If the records below hold pictures, omit them, and print exactly the lines from the first line through the line containing "Ella™ Retro High-Waisted Corduroy Pants", inclusive.

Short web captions
◆ ◆ ◆ ◆
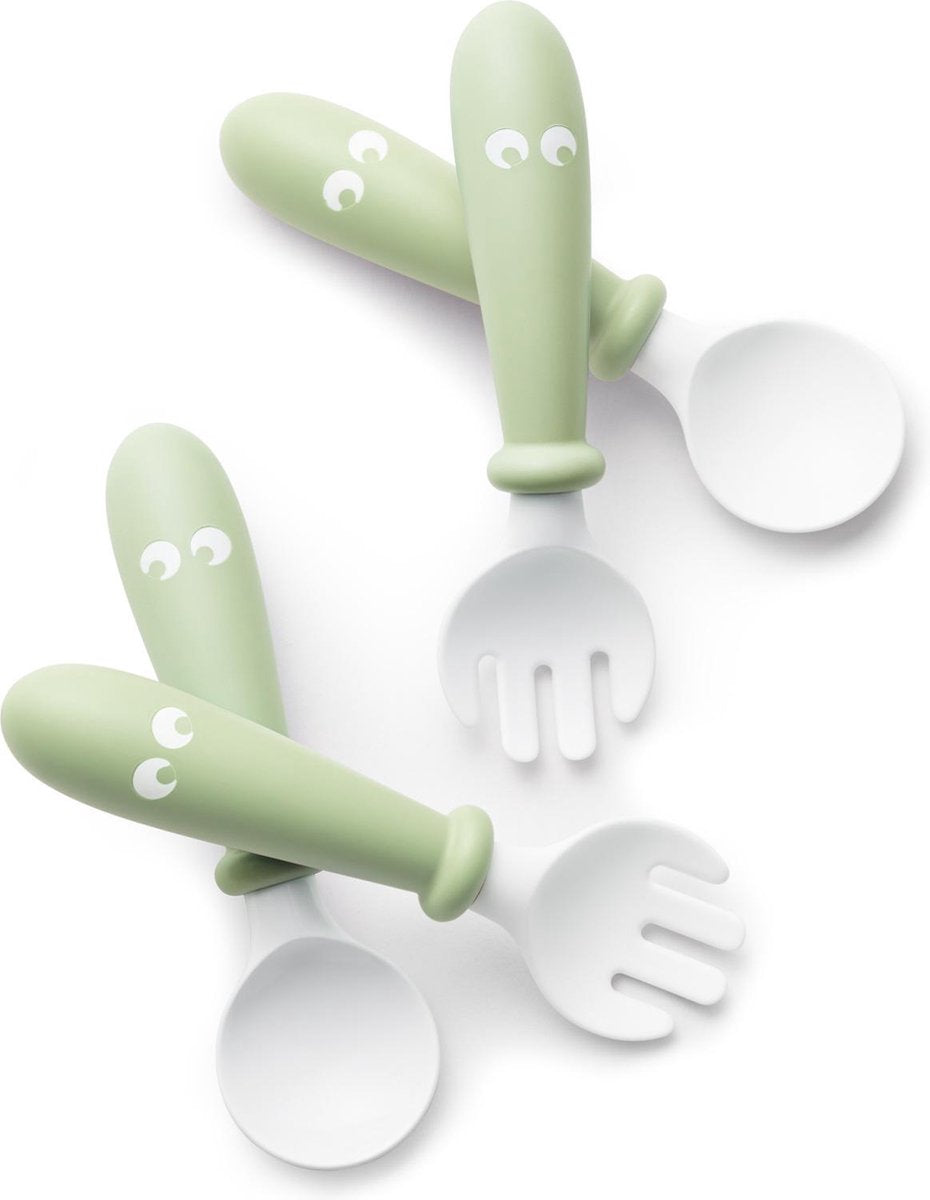 BABYBJÖRN Babylepel en Vork 4-delig - Pastelgroen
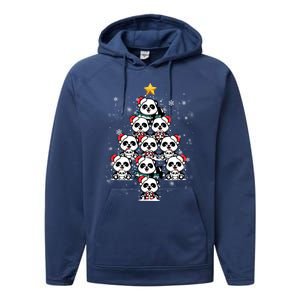 Panda Christmas Tree Panda Lovers Panda Christmas Gift Performance Fleece Hoodie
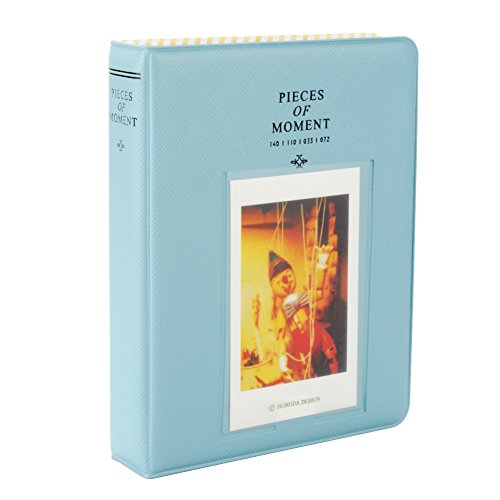 64 Taschen Mini Album Schutzhülle Foto Album Fotohüllen für Mini Fujifilm Instax Miini Film 7S/8/25/50/90, 14 * 11cm (Blau)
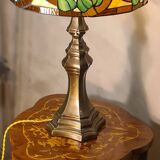 Large brass lamp, 1970, 6kg, restored electrical wiring, 67x47cm stained glass lampshade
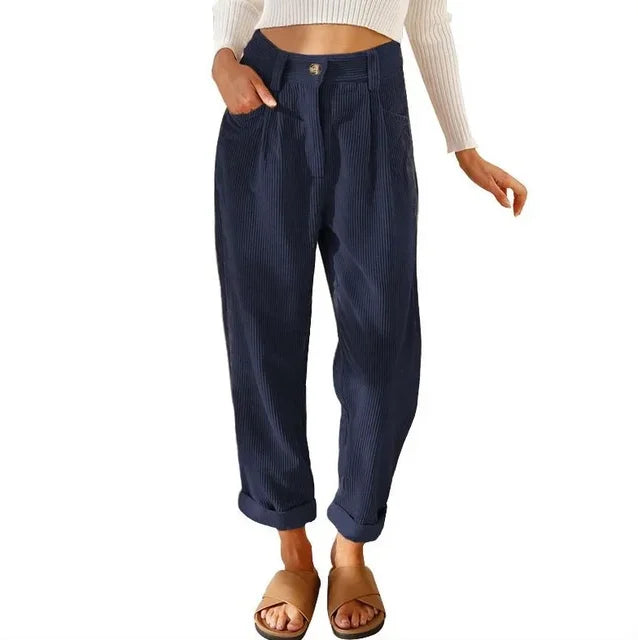 Ella™ Retro High-Waisted Corduroy Pants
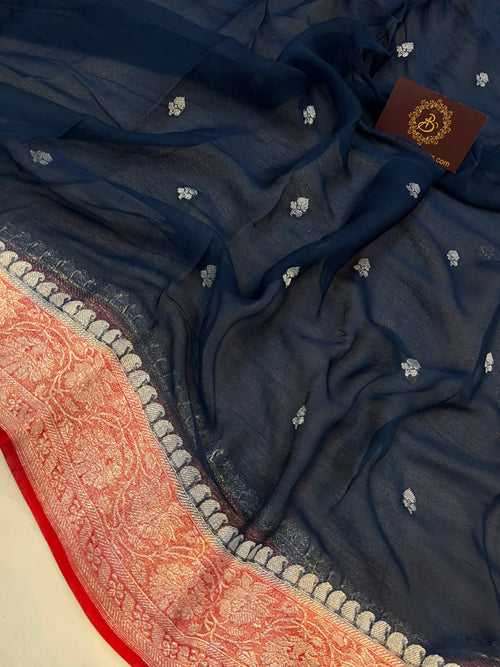 Navy Blue Khaddi Chiffon Banarasi Handloom Saree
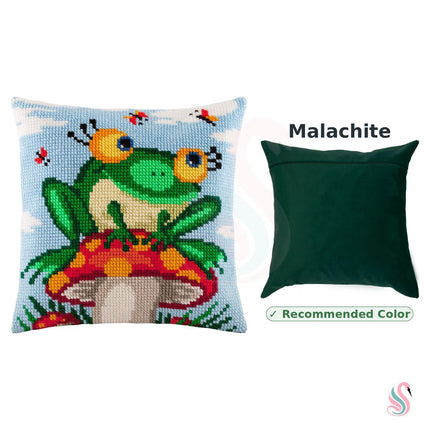 Cross Stitch Pillow Kit "Frog on a Mushroom"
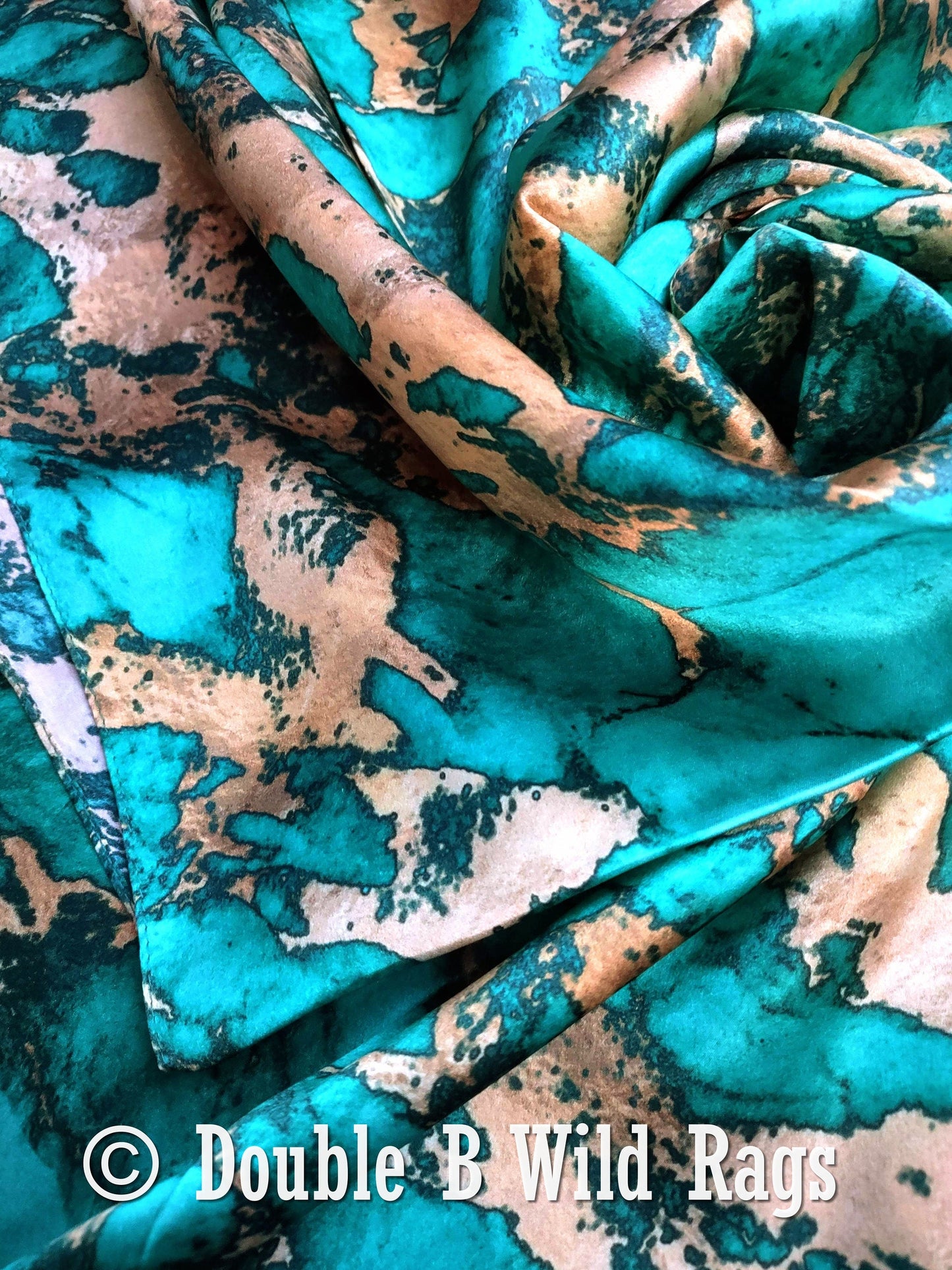 Wild Rag 100% Silk Teal Green and Gold Marble Bandana Border Cowboy Western Neck Scarf Bandanna by Double B Wild Rags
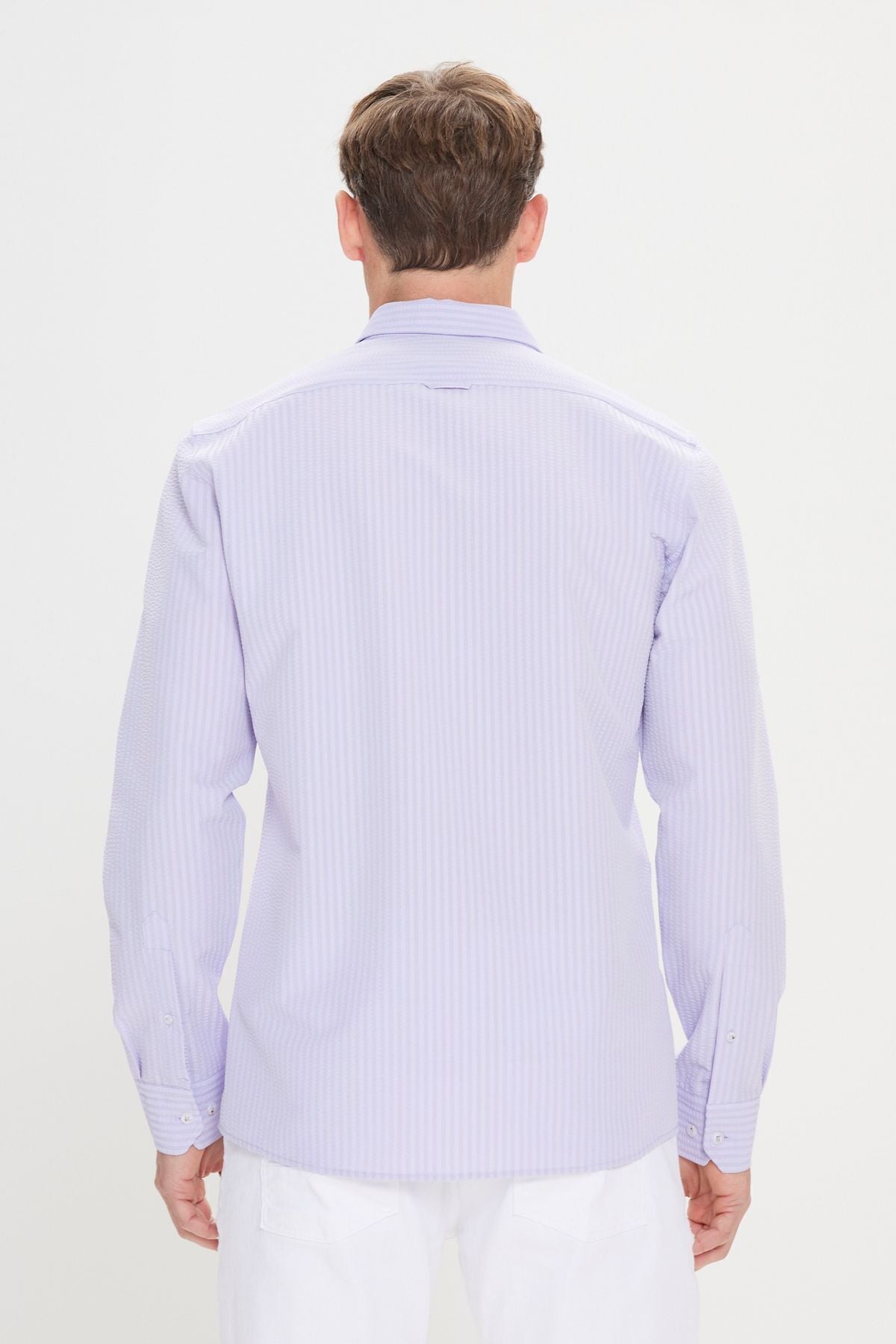 Men's lilac Easy to ironed wafer patterned oxford slim fit narrow -cut button collar flexible shirt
◆ ◆ ◆ ◆
— REPLY —
 BABYBJÖRN Babylepel en Vork 4-delig - Pastelgroen
 Panda Christmas Tree Panda Lovers Panda Christmas Gift Performance Fleece Hoodie
 64 Taschen Mini Album Schutzhülle Foto Album Fotohüllen für Mini Fujifilm Instax Miini Film 7S/8/25/50/90, 14 * 11cm (Blau)
 Large brass lamp, 1970, 6kg, restored electrical wiring, 67x47cm stained glass lampshade
 Ella™ Retro High-Waisted Corduroy Pants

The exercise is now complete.